Kyler Reynolds, who said he is a schoolteacher, said Midtown looked like a "military-type zone" after the parade. One speaker used the phrase "martial law," while another said the event was reminiscent of sundown laws and segregation.
Residents also complained that officers were rude and dismissive as they cleared the streets. They said police were unnecessarily tough on vendors — issuing a letter before the event warning that people needed to get permits if they were going to sell food on the street or parking spots in their yards.
But that, Holloway said, is the key difference between the after-parade block party and events like Pride.
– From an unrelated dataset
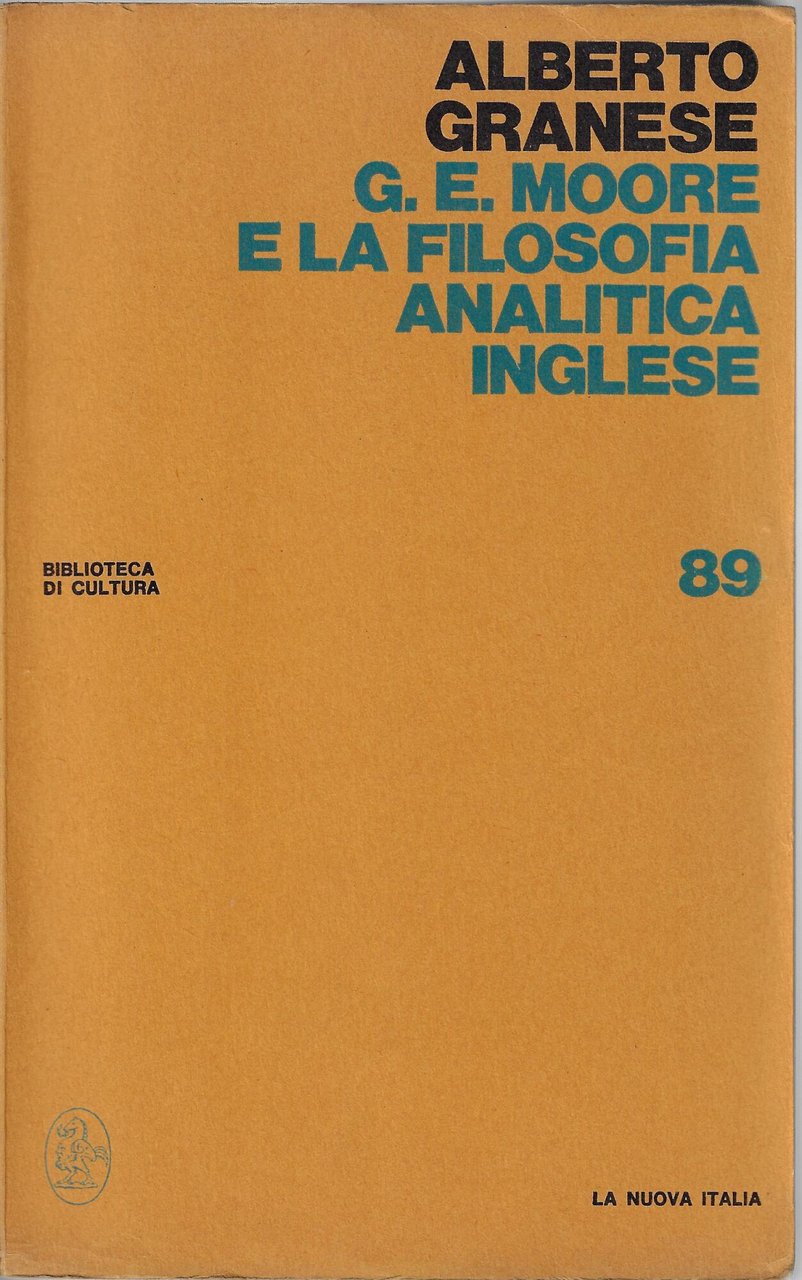 G. E. Moore e la filosofia analitica inglese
No one organizer takes out a permit and accepts ownership.
"We don’t know where the food is coming from, whether they’re going to start a fire," the chief said. "Somehow the Police Department got into hosting the party."
Muhammad tagged a number of local leaders in his Facebook video, including Pinellas County Commissioner Ken Welch, who said he heard from constituents about the police presence and talked to the mayor about it.
"We’re all looking for the right balance to make sure folks are safe, but still we don’t feel like we are locked down in the community," Welch said.
Kriseman said he talked to Holloway on Tuesday and asked for more thorough briefings about police strategies for future events.
"Our priority as a city is to do everything we can to try to keep people safe, and that happened," the mayor said in an interview. "I certainly regret the fact that there may have been too much security and too many detours."